__What the exercise asks__:
Look through the material below and copy exactly the lines from the line with "Read Воспитанные мной S-ранги Manga Online" to the line with "سبلت • ٢.٥ طن • ديوانية", those two lines included.

__Data for processing__:
Start of Block

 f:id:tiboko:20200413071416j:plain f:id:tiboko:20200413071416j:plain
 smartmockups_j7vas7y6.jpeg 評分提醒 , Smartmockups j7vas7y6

End of Block
Start of Block

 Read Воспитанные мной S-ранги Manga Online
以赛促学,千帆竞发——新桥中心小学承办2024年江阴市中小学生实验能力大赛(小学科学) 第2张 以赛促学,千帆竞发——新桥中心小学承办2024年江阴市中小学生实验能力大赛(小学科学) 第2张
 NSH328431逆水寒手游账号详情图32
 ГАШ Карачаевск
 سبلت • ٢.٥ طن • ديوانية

End of Block

__Expected answer__:
 Read Воспитанные мной S-ранги Manga Online
以赛促学,千帆竞发——新桥中心小学承办2024年江阴市中小学生实验能力大赛(小学科学) 第2张 以赛促学,千帆竞发——新桥中心小学承办2024年江阴市中小学生实验能力大赛(小学科学) 第2张
 NSH328431逆水寒手游账号详情图32
 ГАШ Карачаевск
 سبلت • ٢.٥ طن • ديوانية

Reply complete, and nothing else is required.